• Extracted data:

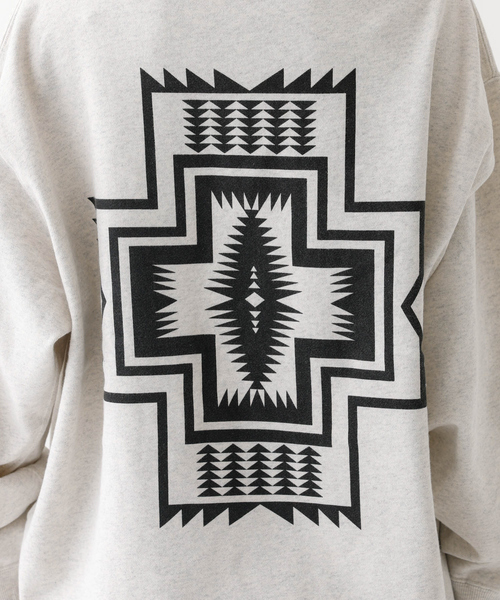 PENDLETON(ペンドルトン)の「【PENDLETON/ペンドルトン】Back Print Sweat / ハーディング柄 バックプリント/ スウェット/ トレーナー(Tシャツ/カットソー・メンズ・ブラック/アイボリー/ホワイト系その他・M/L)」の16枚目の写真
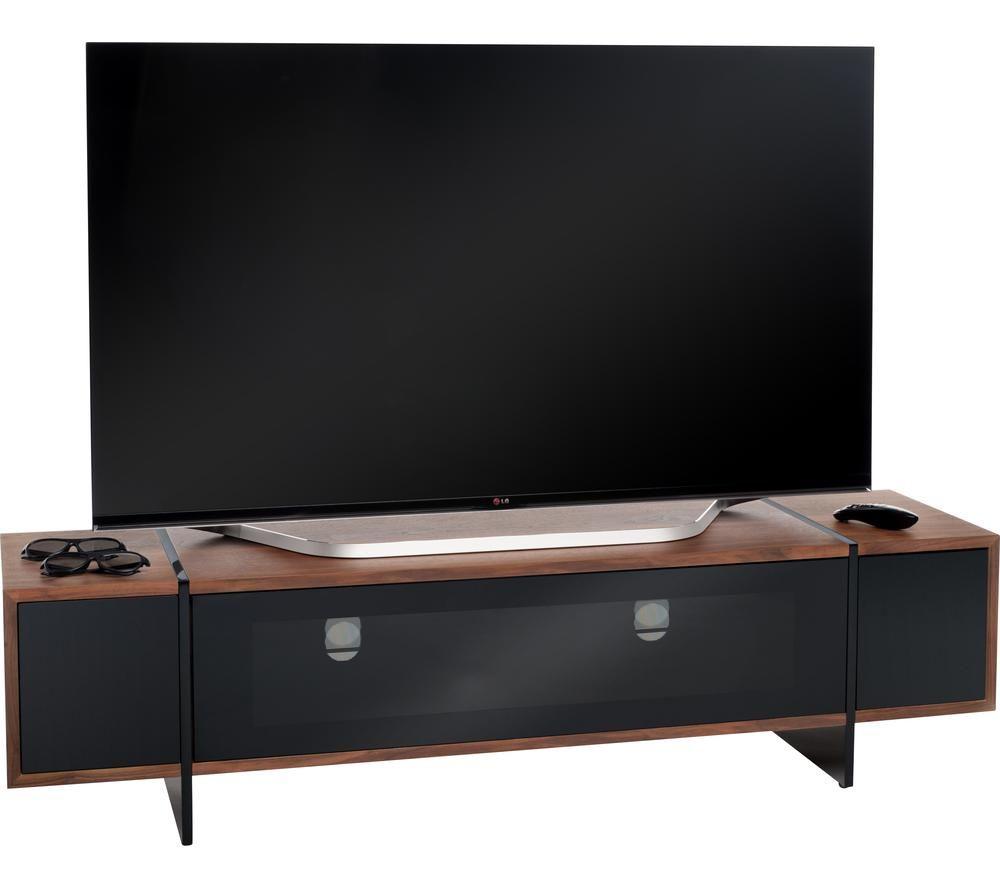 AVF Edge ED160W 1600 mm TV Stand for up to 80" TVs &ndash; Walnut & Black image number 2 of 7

---

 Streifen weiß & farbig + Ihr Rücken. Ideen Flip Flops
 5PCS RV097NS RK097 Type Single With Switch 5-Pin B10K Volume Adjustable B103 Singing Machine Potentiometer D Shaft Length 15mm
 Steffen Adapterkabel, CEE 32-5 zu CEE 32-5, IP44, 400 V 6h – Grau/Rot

• Exercise:
Take the material above from the line bearing "PENDLETON(ペンドルトン)の「【PENDLETON/ペンドルトン】Back Print Sweat" through the line bearing "AVF Edge ED160W" and write it out exactly, both end lines included. Pictures stay out.

• Response to this task:
 PENDLETON(ペンドルトン)の「【PENDLETON/ペンドルトン】Back Print Sweat / ハーディング柄 バックプリント/ スウェット/ トレーナー(Tシャツ/カットソー・メンズ・ブラック/アイボリー/ホワイト系その他・M/L)」の16枚目の写真
 AVF Edge ED160W 1600 mm TV Stand for up to 80" TVs &ndash; Walnut & Black image number 2 of 7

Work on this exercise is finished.